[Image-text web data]

########

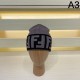 2023FW Hat FENDI Give me a beautiful impression 2023FW Hat FENDI Give me a beautiful impression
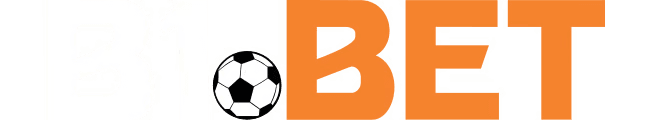 Nomini - 161bet
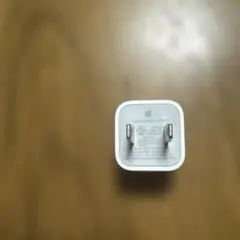 【新品】Apple USB電源アダプタ A1385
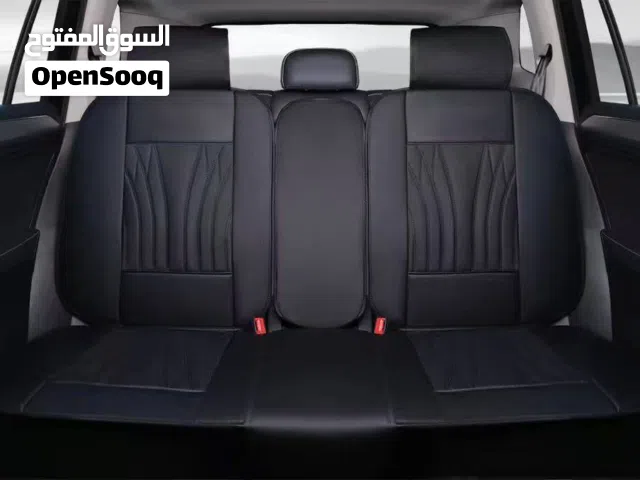 فرش سيارة 5 راكب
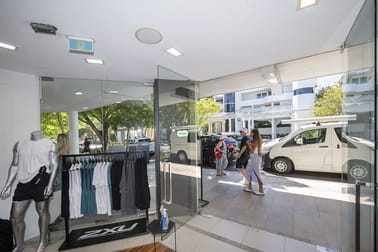 Lot 2/18 Hastings Street Noosa Heads QLD 4567 - Image 3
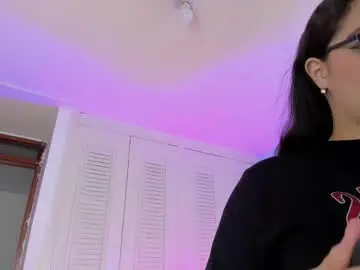 Chaturbate Adult Webcams of tayler_kim_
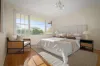 1 Castlereagh Crescent, Sylvania Waters, NSW 2224-Image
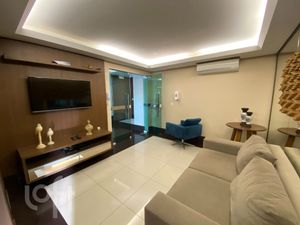 Image 89 - 866633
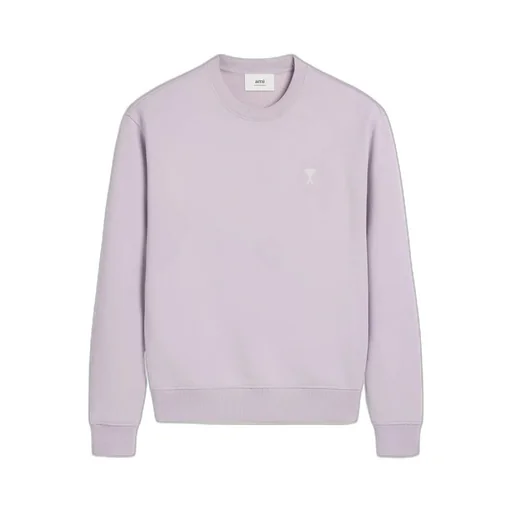 Long-Sleeved Sweater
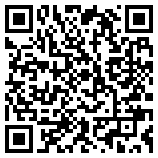 QR Code for Okeana Hardwoods & Mfg in Okeana, OH 45053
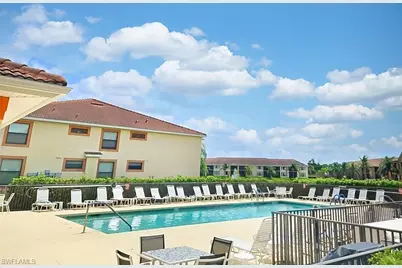 13730 Julias Way #726, Fort Myers, FL 33919 - Photo 48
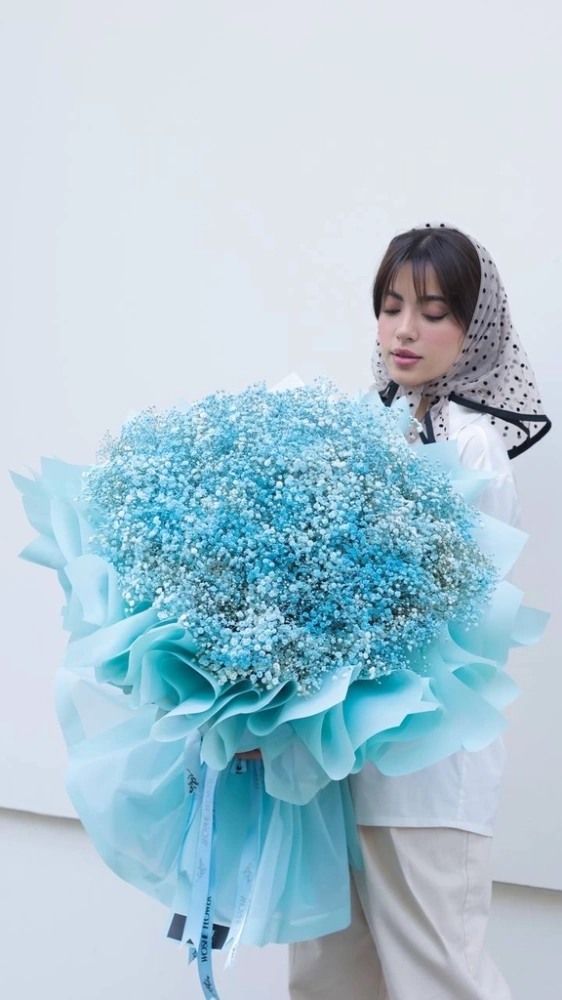 gypsy_bouquet_1_result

########

What the task requires: In the answer, the lines from the one containing "فرش سيارة 5 راكب" to the end of the records above must be written out exactly, both ends included; the pictures must not appear.

Solution for this exercise:
 فرش سيارة 5 راكب
 Lot 2/18 Hastings Street Noosa Heads QLD 4567 - Image 3
 Chaturbate Adult Webcams of tayler_kim_
 1 Castlereagh Crescent, Sylvania Waters, NSW 2224-Image
 Image 89 - 866633
 Long-Sleeved Sweater
 QR Code for Okeana Hardwoods & Mfg in Okeana, OH 45053
 13730 Julias Way #726, Fort Myers, FL 33919 - Photo 48
 gypsy_bouquet_1_result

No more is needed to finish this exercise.